Sejarah Bajan [Bayan] di Lombok Utara adalah sejarah yang sangat tua di pulau Lombok. Namun sejarah Bayan kurang terinformasikan. Sejarah Lombok dipahami seakan-akan sejarah Lombok Barat, Lombok Timur dan Lombok Tengah saja. Sejarah Lombok Utara sejatinya memiliki sejarahnya sendiri. Lantas apa pentingnya menulis Sejarah Bayan di Lombok Utara? Yang jelas wilayah Lombok Utara telah menjadi wilayah otonomi (kabupaten) sendiri. Karena itu, untuk menambah pengetahuan dan meningkatkan wawasan sejarah nasional, mari kita telusuri sumber-sumber tempo doeloe.
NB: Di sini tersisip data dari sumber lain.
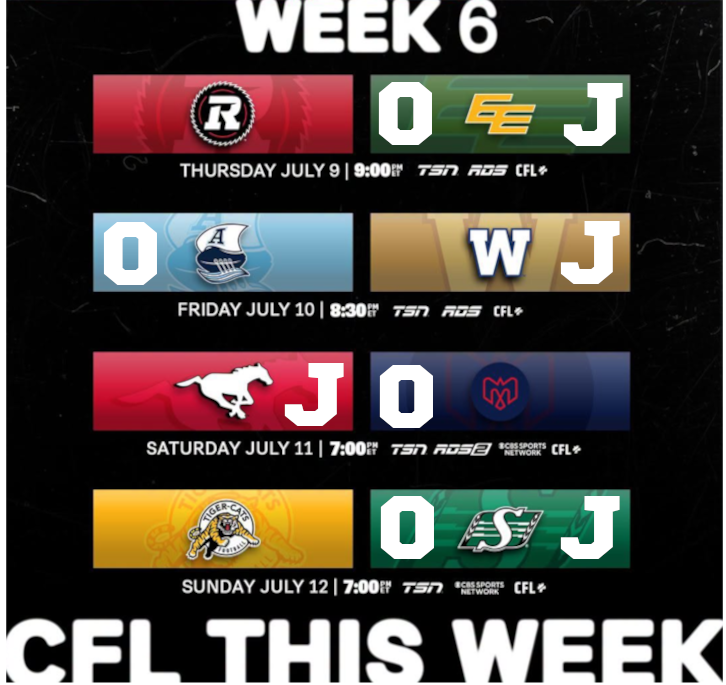 CFL Picks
Peak van Lombok (Cornelis de Houtman, 1597)
Sumber utama yang digunakan dalam artikel ini adalah ‘sumber primer’ seperti surat kabar sejaman, foto dan peta-peta. Sumber buku hanya digunakan sebagai pendukung (pembanding), karena saya anggap buku juga merupakan hasil kompilasi (analisis) dari sumber-sumber primer. Dalam penulisan artikel ini tidak semua sumber disebutkan lagi karena sudah disebut di artikel saya yang lain. Hanya sumber-sumber baru yang disebutkan atau sumber yang sudah pernah disebut di artikel lain disebutkan kembali di artikel ini hanya untuk lebih menekankan saja*.

Nama Bayan

Pencatatan sejarah Lombok sesungguhnya dimulai dari puncak tertinggi di pulau. Orang Eropa menyebut pulau tersebut dengan nama Lombok, merujuk pada nama sebuah kampong (Lombok) di suatu teluk di pantai timur pulau (juga disebut teluk Lombok). Sementara orang Eropa menyebut gunung tertinggi di pulau yang terlihat dari jauh di lautan sebagai puncak Lombok (peak van Lombok). Nama kampong Lombok, nama teluk Lombok dan nama puncak Lombok adalah penanda navigasi terpenting pulau yang disebut Lombok oleh orang Eropa dan gunungnya disebut orang setempat Rindjani. Pemilik danau di gunung Rindjani adalah penduduk Bajan.

Peta Portugis
Orang Eropa pertama mendaki gunung Rindjani adalah seorang Jerman Heinrich Zollinger pada tahun 1847. Heinrich Zollinger adalah orang Eropa pertama yang melihat danau Sagara di gunung Rindjani. Danau Sagara pada masa ini termasuk wilayah kecamatan Bayan di kabupaten Lombok Utara. Danau Sagara di puncak Lombok dapat dikatakan heritage penduduk Bayan.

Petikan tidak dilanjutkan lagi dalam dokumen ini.